Por pasajes admirables está conformada la heroica historia de Cuba. Anécdotas y rasgos virtuosos de sus hijos afloran en los libros que la recogen. Pero no siempre contar la historia es transmitir la emoción del suceso. Para que llegue a lectores y a educandos, no basta decir lo que pasó. Para que nadie tenga por común lo extraordinario, se precisa tocar la fibra.
Nunca fue más estremecedor el suceso que cuando lo narró, impregnada de saberes y de ternura, aquella cubanita que nació con el siglo –el XX, por cierto– y entendió, desde muy temprano, que el rumbo de la predestinación se puede trocar, sobre todo, si no es cómodo ser acaudalado, porque gana en el alma la fuerza de la justicia, y no alimenta el orgullo la posición económica solvente, sino la concordia interior del lado del bien.
No es por azar que Renée Méndez-Capote resulta tan familiar al pueblo cubano, que hace más de 60 años fue alfabetizado, que ha gozado íntegramente de enseñanza gratuita, y en cuyos planes de estudio figuran textos suyos.
Invocada por maestros, citada por lectores, referenciada por amigos y conocidos, la escritora, periodista, militante comunista, traductora, diplomática y feminista, nacida en 1901 en una familia insurrecta –su padre Domingo Méndez-Capote llegó a ser vicepresidente de la República de Cuba en Armas, durante la guerra del 95– constituye uno de los nombres más coherentes entre el decir y el hacer de la intelectualidad cubana.
Educada en cuna rica, y unida, en primeras nupcias, a un hombre de posición adinerada, no fueron los del poder los brillos que atraparon sus sentidos. Al decir de Miguel Barnet, en un texto publicado en 1980 en nuestras páginas, «cometió la hazaña de darle la patada a la sociedad dividida en clases que la vio nacer, saltando de un mullido Packard descapotable, a un sitio callado entre las trabajadoras de nuestra seudorrepública».
La sensibilidad de una niña lista que quería saberlo todo; lo vivido, escuchado y aprendido en el hogar; y la exhortación de un padre patriota a que sus hijos siguieran las tendencias revolucionarias, forjaron un resultado de humanísimos flejes: Renecita empuñó su pluma, lo mismo para fustigar males imperdonables de su tiempo que para, como una especie de Clío, volver a la Historia amada y regresar de ella con los hechos a flor de piel y reescribirlos, no cambiando, a su parecer, los sucesos sagrados, sino incorporándoles un pulso cálido, a base de latidos, de cuyas lecturas nunca fue posible salir sino enardecidos.

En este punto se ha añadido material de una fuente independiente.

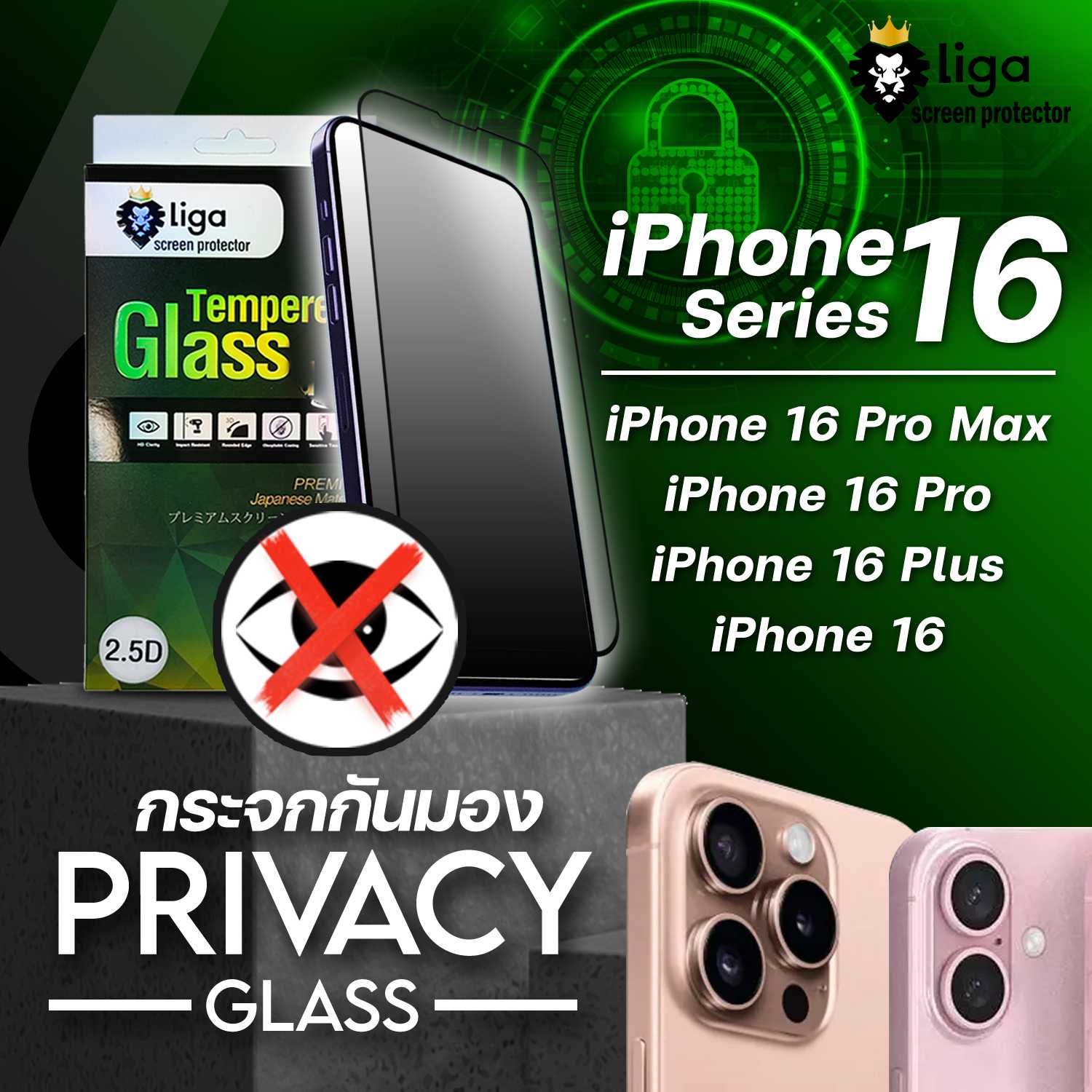 ฟิล์มกระจกกันมอง 2.5D PRIVACY GLASS ANTI-SPY For iPhone 16 Series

Con bríos contó la historia, pero la historia, a su vez, contó con ella: acusada de haber hundido el ferry Morro Castle; vinculada desde muy joven al movimiento que combatió a Machado; partícipe en la huelga de marzo de 1935, tras la cual sufrió prisión; apasionada luchadora clandestina. Todo eso cuenta en los días de Renée, quien, tras el triunfo de la Revolución, trabajó en la Biblioteca Nacional José Martí y dirigió por un tiempo su revista. Integraría después el equipo de trabajo de la Editora Nacional de Cuba y la Editora Juvenil.
Si bien su libro cumbre fue Memorias de una cubanita que nació con el siglo, un clásico del género en la región, fueron muchos otros los títulos que firmó, entre ellos, Relatos heroicos y Episodios de la Epopeya.
Por dondequiera que se abra, su obra destila belleza y cubanía. En el afán de no cerrar estas líneas sin unas letras de la propia Renée, recordemos su relato El buen alfabetizador, en el que, asegurando que «la alfabetización del pueblo fue preocupación de los hombres que hicieron nuestras primeras guerras de independencia», recrea los últimos pasajes de la vida del Padre de la Patria, quien, tras haber sido depuesto de su cargo de Presidente de la República de Cuba en Armas, «reúne a los campesinos de la zona para alfabetizarlos».
Cuenta después cómo a Carlos Manuel lo sorprendió la emboscada: «Lo acribillaron a balazos. Lo despojaron de su ropa. Arrastraban su cadáver sobre la tierra que amó tanto. El buen alfabetizador quedó como un despojo sangriento (…). Para él debió resonar el himno del ejército de alfabetizadores que en 1961 recorrió toda la Isla, en la campaña más hermosa que haya emprendido jamás una Revolución».
A 35 años de su partida física, Renée es hoy, como lo fue ayer, inmensamente necesaria. No siempre se es consciente de que, por defender esencias similares a las que Cuba defiende hoy, muchísimos compatriotas ofrecieron su única vida. Para patentizarlo, ahí está su obra, nítida e irrefutable, en el siglo XXI.